Leave out every picture and set down, exactly, the lines below from the one holding "In a forest" up to and including the one holding "And you can".

■ Records for the exercise
========================

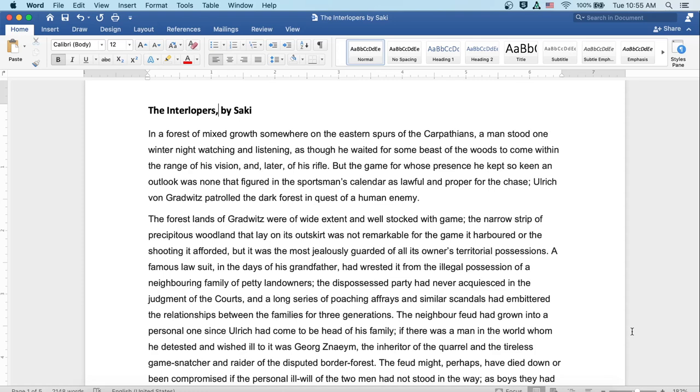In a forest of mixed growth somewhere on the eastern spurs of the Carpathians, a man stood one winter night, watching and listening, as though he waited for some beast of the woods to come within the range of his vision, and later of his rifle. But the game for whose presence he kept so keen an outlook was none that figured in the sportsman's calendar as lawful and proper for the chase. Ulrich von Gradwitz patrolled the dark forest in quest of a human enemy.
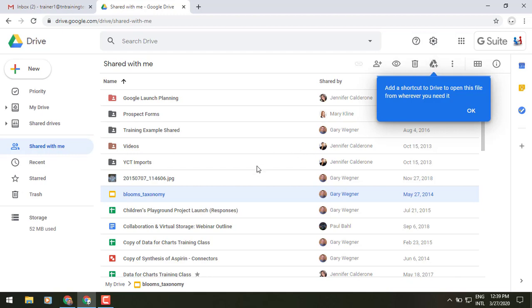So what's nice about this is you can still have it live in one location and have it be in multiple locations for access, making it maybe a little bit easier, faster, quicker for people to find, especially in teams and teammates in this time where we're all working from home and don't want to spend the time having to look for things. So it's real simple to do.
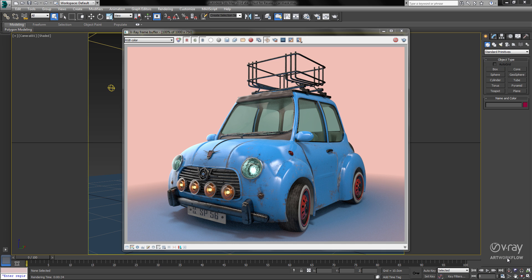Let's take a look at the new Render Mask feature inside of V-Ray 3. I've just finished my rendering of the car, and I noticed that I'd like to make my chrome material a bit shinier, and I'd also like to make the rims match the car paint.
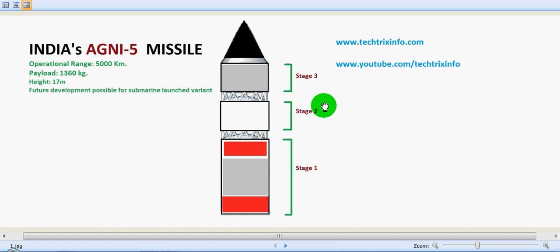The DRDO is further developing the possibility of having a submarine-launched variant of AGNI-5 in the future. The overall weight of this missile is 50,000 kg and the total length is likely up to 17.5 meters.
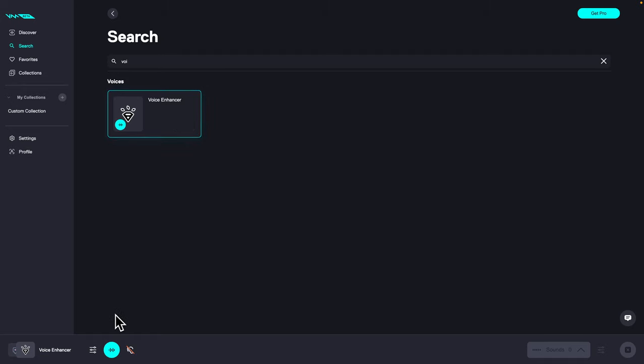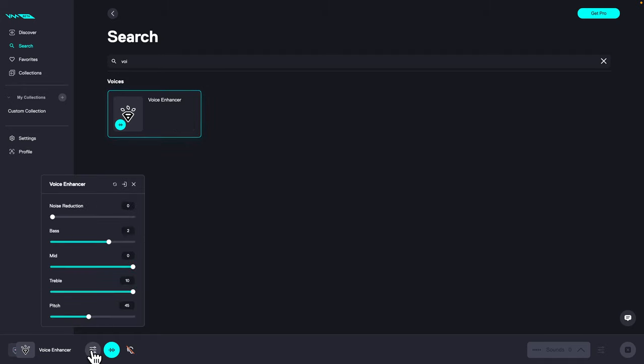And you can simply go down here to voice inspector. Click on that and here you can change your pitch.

========================

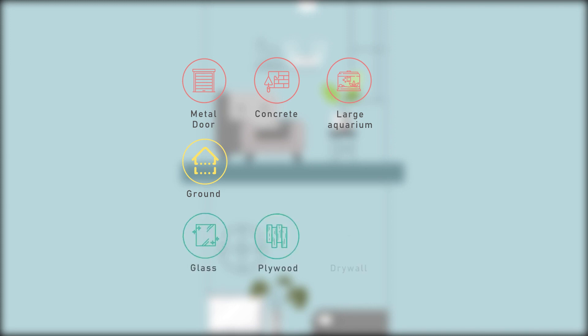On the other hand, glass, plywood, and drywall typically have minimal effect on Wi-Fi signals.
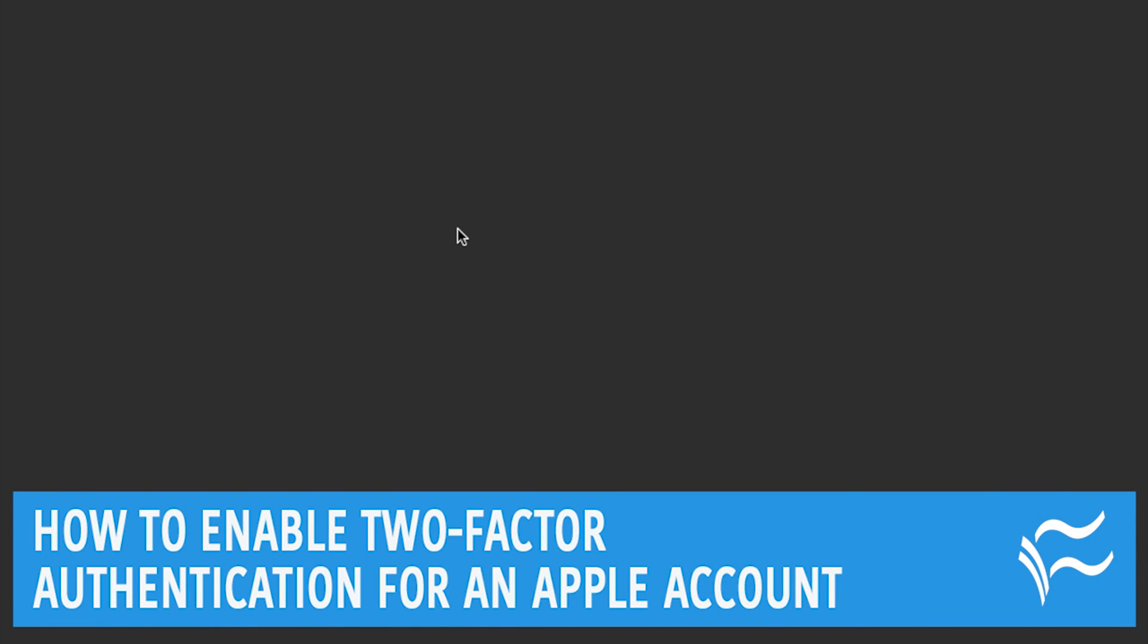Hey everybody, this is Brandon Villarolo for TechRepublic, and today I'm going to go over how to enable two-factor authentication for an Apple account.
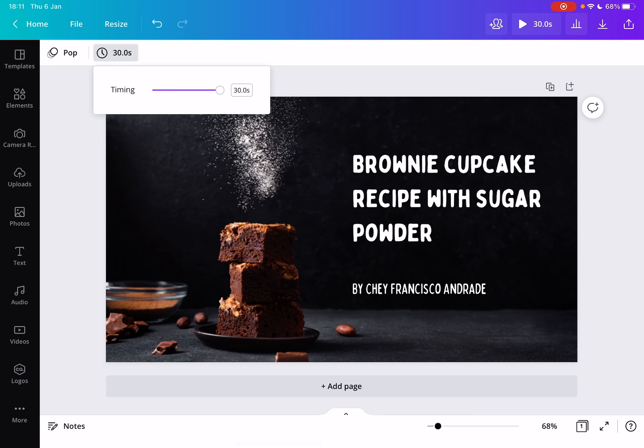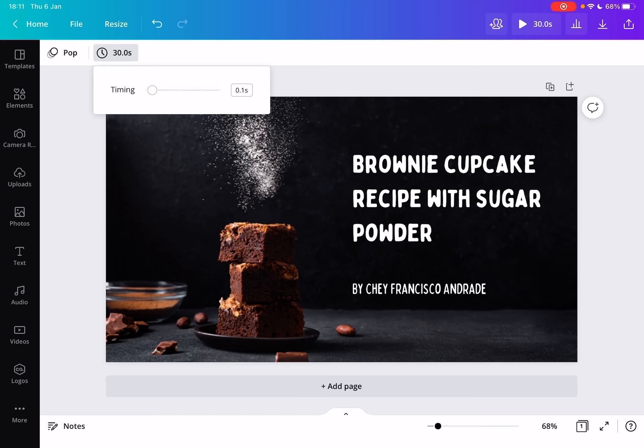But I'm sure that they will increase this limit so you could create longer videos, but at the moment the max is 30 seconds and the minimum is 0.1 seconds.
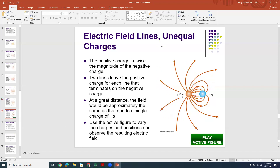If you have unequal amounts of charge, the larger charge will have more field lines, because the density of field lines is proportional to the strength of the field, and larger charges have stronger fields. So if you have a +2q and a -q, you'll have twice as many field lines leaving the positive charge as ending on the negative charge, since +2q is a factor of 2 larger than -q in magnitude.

========================

■ The completed task
In a forest of mixed growth somewhere on the eastern spurs of the Carpathians, a man stood one winter night, watching and listening, as though he waited for some beast of the woods to come within the range of his vision, and later of his rifle. But the game for whose presence he kept so keen an outlook was none that figured in the sportsman's calendar as lawful and proper for the chase. Ulrich von Gradwitz patrolled the dark forest in quest of a human enemy.
So what's nice about this is you can still have it live in one location and have it be in multiple locations for access, making it maybe a little bit easier, faster, quicker for people to find, especially in teams and teammates in this time where we're all working from home and don't want to spend the time having to look for things. So it's real simple to do.
Let's take a look at the new Render Mask feature inside of V-Ray 3. I've just finished my rendering of the car, and I noticed that I'd like to make my chrome material a bit shinier, and I'd also like to make the rims match the car paint.
The DRDO is further developing the possibility of having a submarine-launched variant of AGNI-5 in the future. The overall weight of this missile is 50,000 kg and the total length is likely up to 17.5 meters.
And you can simply go down here to voice inspector. Click on that and here you can change your pitch.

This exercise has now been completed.